At Home on the Field
Written by Lindsay Taylor
Mary Baker packed up a suitcase, ready to head south from her home of Saskatchewan to step onto the diamond in South Bend. If Maury got word, he would insist she stay in Canada to mind the house, just like the last opportunity she had to play ball. But Mary was good, and she knew it; she wasn’t about to let this chance pass her by.
With her husband Maury stationed overseas, a final nudge from her mother-in-law was all it took for Mary to make the journey to America and join the team. Maury could find out after. In 1943 Mary “Bonnie” Baker became a player for one of four regional professional women’s baseball teams in the All-American Girls Professional Baseball League and made her new home in South Bend.
Bonnie and the other South Bend Blue Sox players lived with host families around town, and played ball at Playland Park southeast of the city. Despite Bonnie and many players’ newfound freedom from rural and domestic life to play the game they loved, local newspaper and media coverage of the players often focused on their activities off the field, emphasizing to their readers that in spite of their athleticism, these women were still perfectly poised, unflinchingly feminine, all-American girls.

“Press releases centered on domesticity at every turn,” writes Lois Browne in Girls of Summer, “The pity is that Wrigley and Co. didn’t highlight the players’ real achievements…The League preferred to feature more ‘womanly’ activities — housework or piano playing, pasting pictures into scrapbooks and writing letters home.”
Even with the lopsided portrayals to help sell the League to American audiences, the ball players were still fearsome athletes who continued to set personal records and mark new heights of achievement for the sport.

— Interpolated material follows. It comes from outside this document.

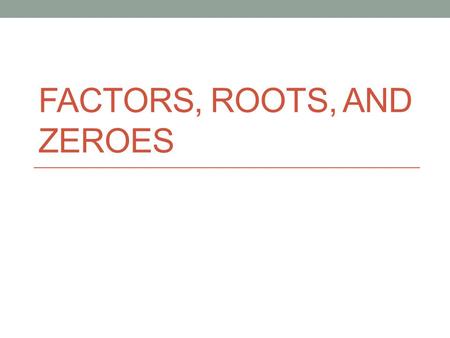 Factors, Roots, and zeroes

Former player Betsy Jochum — who still resides in South Bend and just turned 104 in February — reflected on the players’ achievements in her introduction for Jim Sargent & Robert Gorman’s 2012 book The South Bend Blue Sox.

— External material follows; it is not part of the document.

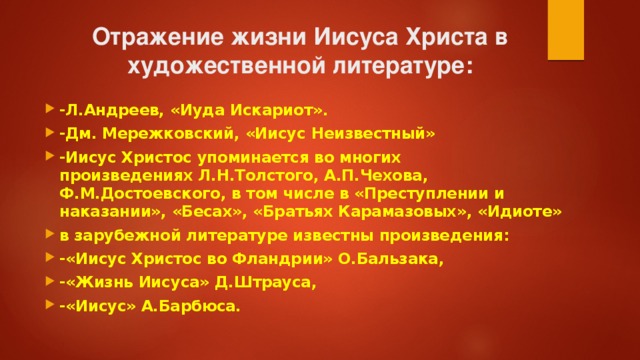 Отражение жизни Иисуса Христа в художественной литературе: -Л.Андреев, «Иуда Искариот». -Дм. Мережковский, «Иисус Неизвестный» -Иисус Христос упоминается во многих произведениях Л.Н.Толстого, А.П.Чехова, Ф.М.Достоевского, в том числе в «Преступлении и наказании», «Бесах», «Братьях Карамазовых», «Идиоте» в зарубежной литературе известны произведения: -«Иисус Христос во Фландрии» О.Бальзака, -«Жизнь Иисуса» Д.Штрауса, -«Иисус» А.Барбюса.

“You might say that we were pioneers in our field of dreams. I hope we helped make a change in women’s sports opportunities. Back in the 1940s, there weren’t too many avenues for women. We were among the few fortunate ones.”
Betsy Jochum, Former South Bend Blue Sox Player
Because of players like Bonnie for the Blue Sox, or Betty Chapman – the first Black woman to play in the rival National Girls Baseball League – who decided to take a chance and step onto the field, we continue to see enthusiasm and growing support for women’s sports. We should likewise continue to acknowledge the expansive ability of women to be so many things at once…beautiful, strong, and dimensional.